When Greece Will she get out of the crisis?
The downside of this fiscal restraint is the recession that looks worse-than-expected decline of at least 4% of GDP this year and 2.6% in 2011, -2% in 2009. "Fighting against the economic crisis, as is now the priority for Greece," said Philippe Sabuco. But "this new program of fiscal consolidation will have a depressive effect on domestic demand, which could lead, ultimately, tax revenue by less than expected," said economist of BNP Paribas. To support the return of growth expected in 2012 (+1.1% increase in GDP by Athens), the Greek government plans to make more flexible the labor market. It also intends to fight against tax evasion which, according to economists, could rebuild the Greek budget of several percentage points – the black market economy represents between 20 and 40% of Greek GDP.However, Laurence Boone Regrets, "there is little detail in the Greek plan on structural reforms to raise the country's growth. The Greek'économie suffers from several weaknesses: it is not competitive and dependent on cyclical sectors at a lower value (shipping, tourism and agribusiness).
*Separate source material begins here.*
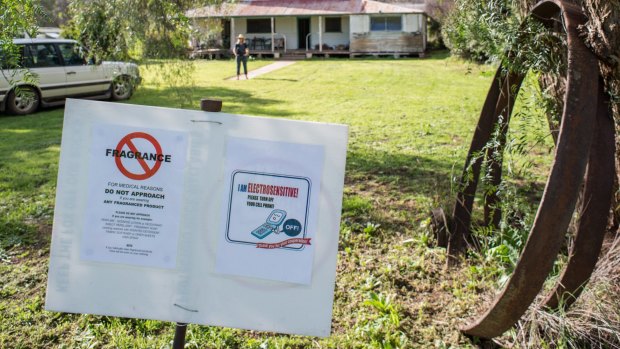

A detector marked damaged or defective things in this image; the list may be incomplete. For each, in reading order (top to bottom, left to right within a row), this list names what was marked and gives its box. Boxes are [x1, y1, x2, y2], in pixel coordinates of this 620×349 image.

In exchange for the bailout unprecedented 110 billion euros, Greece agrees to follow an intensive austerity. This plan aims to reduce the deficit from 13.7% to 3%, and this in two years … An ambitious, some would say impossible … Yet other countries such as Ireland, Sweden and Finland, have succeeded in the past to reduce their deficit.
Those who managed …
The report on public finances published by the IMF in November 2009 lists the fiscal adjustment efforts of two dozen countries over the past 30 years. Ten countries have improved their finances more than 10 points. In 1989, Ireland had such success in lowering the deficit to 20 points, knowing that it still took him 11 years to get there … Another example: in 2000, Sweden and Finland have managed to reduce their deficit of 13.3 points, and that in 7 years.The IMF report notes that more than 20 countries have been able to adjust more than 5 points, their public balance: Japan by 8.1 points, 7.9 points in Italy, Germany by 5.3 points. However, there is no state that in two years. The most "fast" are Israel in 1983 (11.1 points in 3 years) and Cyprus in 1994 (5.2 points in 3 years).
So why Greece did it not happen? After all, she has already, according to IMF data, managed to reduce its deficit from 12.1 points in six years to reach 4.8% in 1995. Admittedly, the statistics of the Greek period are unreliable. Nevertheless, other countries have indeed succeeded in completing their program of readjustment.